Die Zurückhaltung anderer Banken, diesem Beispiel zu folgen, ist mehr als nur eine verpasste wirtschaftliche Chance; sie ist ein Zeichen für eine tief verwurzelte, systemische Ignoranz. Wie lange wollen wir denn noch alte Vorurteile und überkommene Strukturen Vorrang vor klaren Beweisen für den Erfolg geben. Sind wir so in unseren Wegen festgefahren, dass wir lieber auf Milliarden (wir erinnern uns, 700 Milliarden US-Dollar in Women in Finance) verzichten, als unsere Ansätze zu überdenken?

Es ist offensichtlich, dass Chancengerechtigkeit für Frauen und unterrepräsentierte Gruppen in der Finanzwelt kein Akt der Wohltätigkeit ist, sondern eine längst überfällige ethische und inzwischen auch wirtschaftlich strategische Notwendigkeit darstellt. 

Wir brauchen eine gerechtere Finanzwelt

Die Geschichte der BLC Bank im Libanon ist nicht nur ein Beweis dafür, was möglich ist, sondern auch ein Aufruf zum Handeln. Es ist ein klares Signal, dass es an der Zeit ist, unsere Spaten in die Hand zu nehmen und nach dem Gold zu graben, das unter unseren Füßen liegt. Die Weigerung, diesem Beispiel zu folgen, ist nicht nur ein wirtschaftlicher Fehltritt, sondern auch ein Versagen gegenüber den nächsten Generationen, die in einer gerechteren und inklusiveren Finanzwelt leben sollen.

Analyse von Kund*innenbedürfnissen und entsprechende Produktanpassungen sollten nicht die Ausnahme, sondern die Regel sein.
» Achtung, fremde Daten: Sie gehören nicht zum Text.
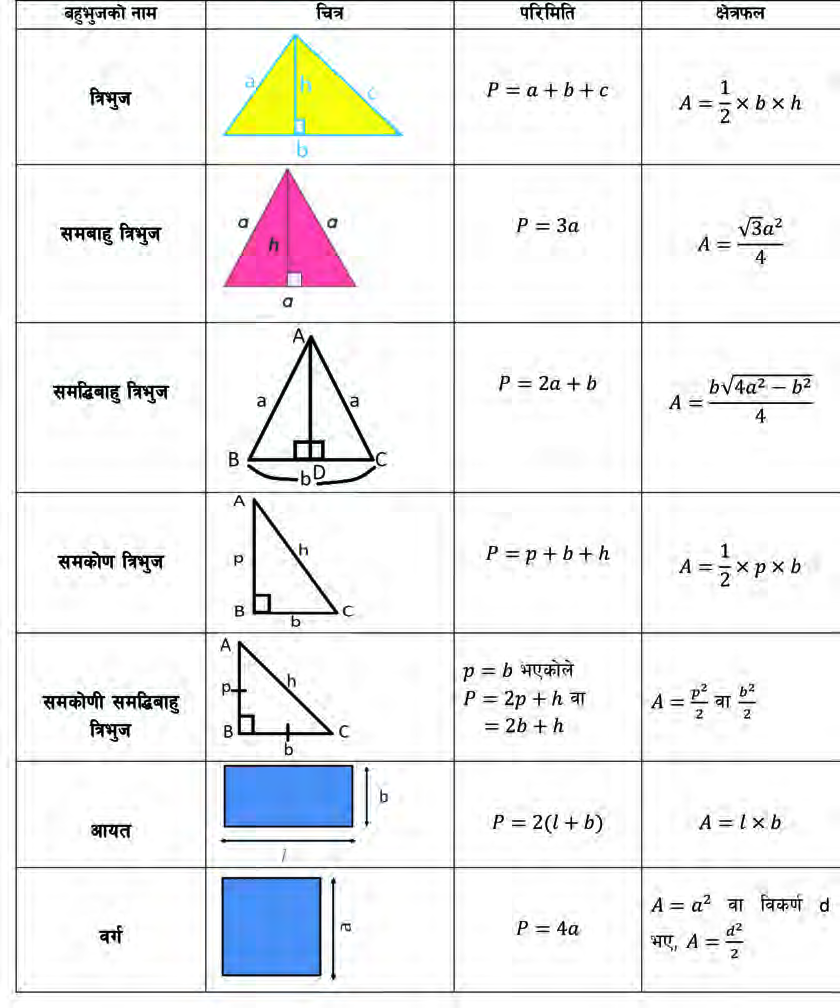 The perimeter and area rules for the triangles, the rectangle and the square, each beside a drawing showing which measurement is which.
Die Frage, die sich hier aufdrängt, ist, ob dieses leuchtende Beispiel mehr Aufmerksamkeit und Nachahmung gefunden hätte, wenn es in den Minen eines „westlichen“ Finanzzentrums – sei es in Spanien, England oder den USA – entdeckt worden wäre. Ein Schelm, der meint, dass glitzernden Erfolge, die nicht in den traditionellen Goldminen der westlichen Welt liegen, weniger glänzen oder gar übersehen werden. Diese Haltung verhindert, dass das volle Potenzial weltweit erkannt und genutzt wird.

Ich trete schon lange dafür an – wann nehmen wir alle die Herausforderung an und  gestalten die Finanzwelt nicht nur für Frauen, sondern für alle zugänglicher und gerechter? Auch nach dem Weltfrauentag. Es ist nicht nur eine Frage des Potenzials, sondern auch der Verantwortung. Es ist an der Zeit, die Spitzhacken der Innovation zu schärfen. Die Frage ist: Werden wir mutig genug sein, diese Chance zu ergreifen?